Da mesma forma, uma sociedade que não espere o mesmo de meninas e meninos não atingirá a meta
da igualdade. É sabido que as expectativas de pais e professores em relação às crianças são
determinantes no processo de aprendizagem. Ainda se espera que as meninas tenham melhores
resultados em linguagens do que em matemática, o que provoca ansiedade e insegurança nelas.

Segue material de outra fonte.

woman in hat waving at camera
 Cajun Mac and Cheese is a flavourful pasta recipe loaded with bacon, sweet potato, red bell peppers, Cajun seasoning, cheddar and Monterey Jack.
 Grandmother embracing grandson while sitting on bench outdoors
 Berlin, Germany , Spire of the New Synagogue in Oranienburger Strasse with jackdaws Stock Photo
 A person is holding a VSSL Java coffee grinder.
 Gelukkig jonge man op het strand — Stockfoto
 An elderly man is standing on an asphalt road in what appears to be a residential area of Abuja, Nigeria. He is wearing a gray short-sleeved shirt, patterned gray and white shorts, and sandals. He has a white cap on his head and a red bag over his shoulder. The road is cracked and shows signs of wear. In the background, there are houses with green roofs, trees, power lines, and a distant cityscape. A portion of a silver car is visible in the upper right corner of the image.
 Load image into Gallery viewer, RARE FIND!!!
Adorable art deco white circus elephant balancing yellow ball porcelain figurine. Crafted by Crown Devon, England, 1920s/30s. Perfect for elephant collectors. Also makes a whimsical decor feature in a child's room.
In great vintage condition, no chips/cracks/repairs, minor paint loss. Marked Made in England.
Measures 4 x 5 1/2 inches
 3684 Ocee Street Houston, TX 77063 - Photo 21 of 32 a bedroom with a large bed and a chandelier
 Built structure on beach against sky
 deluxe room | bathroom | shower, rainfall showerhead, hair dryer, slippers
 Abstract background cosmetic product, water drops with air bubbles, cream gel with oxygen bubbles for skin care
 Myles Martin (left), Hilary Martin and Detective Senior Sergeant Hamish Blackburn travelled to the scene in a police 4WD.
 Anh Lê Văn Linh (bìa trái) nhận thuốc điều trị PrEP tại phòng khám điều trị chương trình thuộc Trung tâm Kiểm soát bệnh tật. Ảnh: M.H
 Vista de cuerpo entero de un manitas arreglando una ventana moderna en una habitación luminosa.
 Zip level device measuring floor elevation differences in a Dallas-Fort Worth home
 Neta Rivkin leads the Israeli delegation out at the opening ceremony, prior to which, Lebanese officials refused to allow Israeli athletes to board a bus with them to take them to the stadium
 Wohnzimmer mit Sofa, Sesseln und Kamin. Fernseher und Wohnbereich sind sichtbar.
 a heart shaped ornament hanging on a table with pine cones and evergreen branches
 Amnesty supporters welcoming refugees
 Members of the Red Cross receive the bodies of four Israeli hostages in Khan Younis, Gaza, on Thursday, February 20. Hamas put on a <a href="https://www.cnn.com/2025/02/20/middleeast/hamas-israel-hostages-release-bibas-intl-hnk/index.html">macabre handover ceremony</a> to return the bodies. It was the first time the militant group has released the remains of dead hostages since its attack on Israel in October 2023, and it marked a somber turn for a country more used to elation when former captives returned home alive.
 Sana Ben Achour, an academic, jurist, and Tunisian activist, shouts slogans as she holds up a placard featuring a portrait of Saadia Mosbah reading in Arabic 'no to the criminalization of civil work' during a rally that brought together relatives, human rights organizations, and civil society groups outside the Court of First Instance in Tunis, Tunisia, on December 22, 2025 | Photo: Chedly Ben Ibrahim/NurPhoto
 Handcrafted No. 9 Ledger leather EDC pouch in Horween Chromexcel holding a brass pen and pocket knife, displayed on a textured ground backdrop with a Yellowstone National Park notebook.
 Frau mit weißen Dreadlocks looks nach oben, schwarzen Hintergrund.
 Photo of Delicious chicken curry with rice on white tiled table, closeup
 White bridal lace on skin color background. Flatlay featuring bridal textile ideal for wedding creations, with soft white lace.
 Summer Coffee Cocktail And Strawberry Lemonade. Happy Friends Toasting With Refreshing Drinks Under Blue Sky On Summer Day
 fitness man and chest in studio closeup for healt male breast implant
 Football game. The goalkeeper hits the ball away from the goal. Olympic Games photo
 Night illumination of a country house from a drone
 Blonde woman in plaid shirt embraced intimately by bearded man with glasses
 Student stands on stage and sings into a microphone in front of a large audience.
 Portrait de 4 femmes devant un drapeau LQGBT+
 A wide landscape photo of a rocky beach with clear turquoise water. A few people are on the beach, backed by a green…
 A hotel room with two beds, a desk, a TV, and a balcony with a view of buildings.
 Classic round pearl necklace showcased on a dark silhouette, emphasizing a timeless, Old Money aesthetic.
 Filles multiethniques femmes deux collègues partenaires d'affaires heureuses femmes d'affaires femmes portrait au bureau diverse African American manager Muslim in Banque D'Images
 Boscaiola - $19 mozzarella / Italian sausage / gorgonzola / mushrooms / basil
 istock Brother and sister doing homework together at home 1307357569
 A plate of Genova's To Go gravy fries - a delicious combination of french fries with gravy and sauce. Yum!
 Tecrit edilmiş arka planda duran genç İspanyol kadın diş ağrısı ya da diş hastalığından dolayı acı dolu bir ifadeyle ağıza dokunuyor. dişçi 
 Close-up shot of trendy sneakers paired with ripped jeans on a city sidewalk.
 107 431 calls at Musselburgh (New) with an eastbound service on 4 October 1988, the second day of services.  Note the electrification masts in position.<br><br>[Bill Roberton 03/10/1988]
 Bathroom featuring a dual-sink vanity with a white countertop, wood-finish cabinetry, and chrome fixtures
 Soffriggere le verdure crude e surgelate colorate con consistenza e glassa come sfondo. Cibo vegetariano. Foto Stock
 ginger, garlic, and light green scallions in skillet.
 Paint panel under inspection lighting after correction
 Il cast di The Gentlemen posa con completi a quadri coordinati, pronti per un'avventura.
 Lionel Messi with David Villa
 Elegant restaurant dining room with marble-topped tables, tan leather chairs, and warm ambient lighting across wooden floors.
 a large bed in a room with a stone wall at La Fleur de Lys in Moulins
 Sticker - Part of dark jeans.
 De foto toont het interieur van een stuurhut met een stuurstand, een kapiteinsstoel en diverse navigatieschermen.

No
ano passado, matéria do Jornal Estadão apontou que mais de 70% dos estudantes que tiraram as mil
maiores notas no Exame Nacional do Ensino Médio (Enem) são meninos, embora as meninas sejam a
maioria entre os candidatos. A maior diferença está nos exames de Matemática e Ciências da Natureza.

Os estereótipos de gênero na Educação impactam ainda os sonhos das meninas e repercutem nas suas
trajetórias profissionais. As baixas expectativas da família e escola em relação ao seu desempenho em
Matemática acabam por desestimulá-las a seguir carreiras nas áreas de Exatas e Tecnologias, que
concentram as profissões de melhor remuneração, como demonstra a edição nº 39 do boletim
“Aprendizagem em Foco”.

Em pleno século XXI, é um imperativo ético e até mesmo um diferencial competitivo apostar na
igualdade de homens e mulheres. As mulheres são 51% da nossa população. Segundo a pesquisa
“Brasileiras – Como elas estão mudando o rumo do país”, desenvolvida em 2015 pelo Instituto
Locomotiva e o El País, se houvesse igualdade de gênero teríamos mais de R$ 460 bilhões injetados na
economia brasileira. A construção de um futuro sustentável não pode se distanciar da premissa da
igualdade de gênero. Não dá mais para esperar.

Alessandra Gotti é fundadora e presidente-executiva do Instituto Articule. Advogada e Doutora


em Direito Constitucional pela PUC/SP. Consultora da Unesco e Conselho Nacional de Educação.